- This topic has 1 reply, 2 voices, and was last updated 8 years, 11 months ago by .
Viewing 1 reply thread
Viewing 1 reply thread
- You must be logged in to reply to this topic.
› Forums › Speech Synthesis › Unit selection › Labeling Prosody
I understand that currently Festival doesn’t label prosody, but implicitly reply on other information such as POS tags and so on. But if we are to label prosody, is there any method that is better than ToBI (that is, requires less prior knowledge)? And if we use ToBI, is it possible that we train a model with some speech data (mainly looking at F0 contour, stresses, and the text itself) hand-labeled with ToBI symbols, and then use this model to automatically label prosody for us?
Labelling prosody on the database is one of those topics that has a long history of research, but no really good solutions: it’s a very hard problem.

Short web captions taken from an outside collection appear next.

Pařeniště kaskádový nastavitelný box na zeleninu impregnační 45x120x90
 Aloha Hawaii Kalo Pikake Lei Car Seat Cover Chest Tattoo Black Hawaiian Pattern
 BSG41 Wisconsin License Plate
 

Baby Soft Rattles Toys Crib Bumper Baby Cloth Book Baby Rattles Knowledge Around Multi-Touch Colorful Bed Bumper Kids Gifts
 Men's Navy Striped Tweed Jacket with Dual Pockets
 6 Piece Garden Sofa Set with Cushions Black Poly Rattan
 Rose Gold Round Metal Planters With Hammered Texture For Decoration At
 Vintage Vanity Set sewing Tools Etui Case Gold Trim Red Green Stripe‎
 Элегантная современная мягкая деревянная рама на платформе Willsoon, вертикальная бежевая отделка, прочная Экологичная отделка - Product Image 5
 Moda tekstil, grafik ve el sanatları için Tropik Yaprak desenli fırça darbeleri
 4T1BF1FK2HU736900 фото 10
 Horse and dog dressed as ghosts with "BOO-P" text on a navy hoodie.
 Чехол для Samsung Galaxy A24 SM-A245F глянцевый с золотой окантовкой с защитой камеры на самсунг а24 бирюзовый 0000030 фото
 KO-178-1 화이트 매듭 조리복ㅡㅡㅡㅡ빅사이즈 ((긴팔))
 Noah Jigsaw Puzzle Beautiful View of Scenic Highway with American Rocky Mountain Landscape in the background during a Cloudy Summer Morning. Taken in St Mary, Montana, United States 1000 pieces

We are fairly sure that highly-accurate ToBI labels are helpful, provided that we have them for both the database utterances and test sentences. So, even if we hand-label the database, we still have the hard problem of accurately predicting from text at synthesis time, in a way that is consistent with the database labels.
Yes, many people have looked at simpler systems that ToBI. Festival reduces the number of boundary strength levels, for example. Your suggestion to train a model on a hand-labelled subset of data and use that to label the rest of the database is excellent: this is indeed what people do. But there remains the “predicting from text” problem at synthesis time.
One simpler approach is to think just about prominences and boundaries.
Perhaps a more promising approach these days is to label the database with more sophisticated linguistic information than plain old POS tags, such as shallow syntactic and semantic structure.
Some forums are only available if you are logged in. Searching will only return results from those forums if you log in.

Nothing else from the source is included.